*TASK TO CARRY OUT*. Could the records below be restated word for word, without a single picture?

Data excerpts:
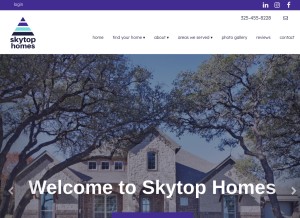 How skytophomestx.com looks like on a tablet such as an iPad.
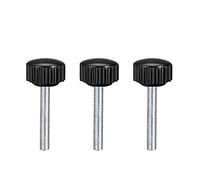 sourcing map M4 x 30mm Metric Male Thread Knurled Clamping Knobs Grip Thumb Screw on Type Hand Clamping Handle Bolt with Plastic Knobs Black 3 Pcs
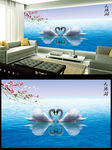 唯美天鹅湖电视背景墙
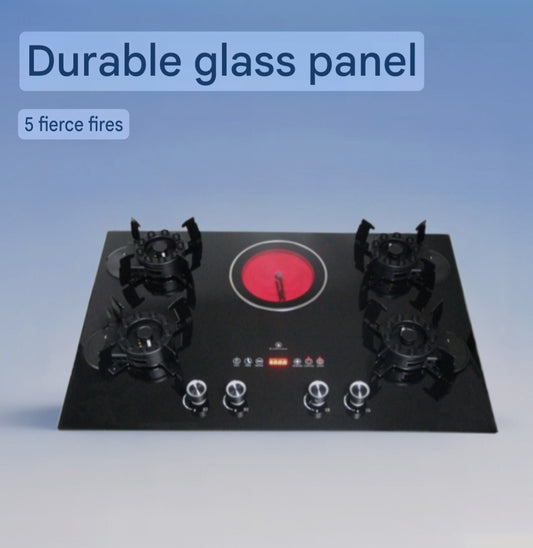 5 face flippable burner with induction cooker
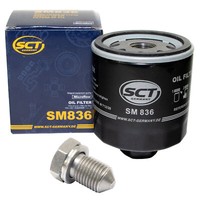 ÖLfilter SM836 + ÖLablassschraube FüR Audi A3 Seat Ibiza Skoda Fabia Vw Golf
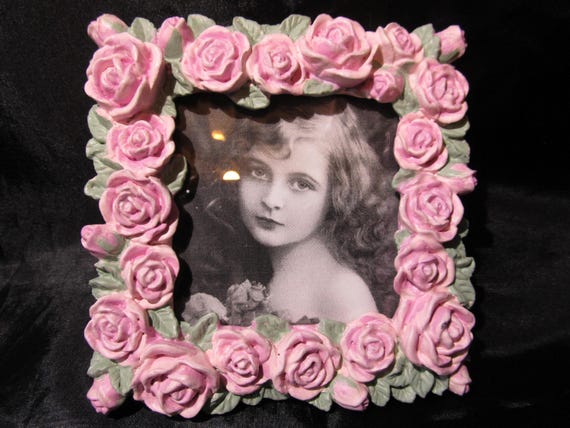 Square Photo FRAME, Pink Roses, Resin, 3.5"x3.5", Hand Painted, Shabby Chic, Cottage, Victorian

*YOUR RESPONSE*.
 How skytophomestx.com looks like on a tablet such as an iPad.
 sourcing map M4 x 30mm Metric Male Thread Knurled Clamping Knobs Grip Thumb Screw on Type Hand Clamping Handle Bolt with Plastic Knobs Black 3 Pcs
 唯美天鹅湖电视背景墙
 5 face flippable burner with induction cooker
 ÖLfilter SM836 + ÖLablassschraube FüR Audi A3 Seat Ibiza Skoda Fabia Vw Golf
 Square Photo FRAME, Pink Roses, Resin, 3.5"x3.5", Hand Painted, Shabby Chic, Cottage, Victorian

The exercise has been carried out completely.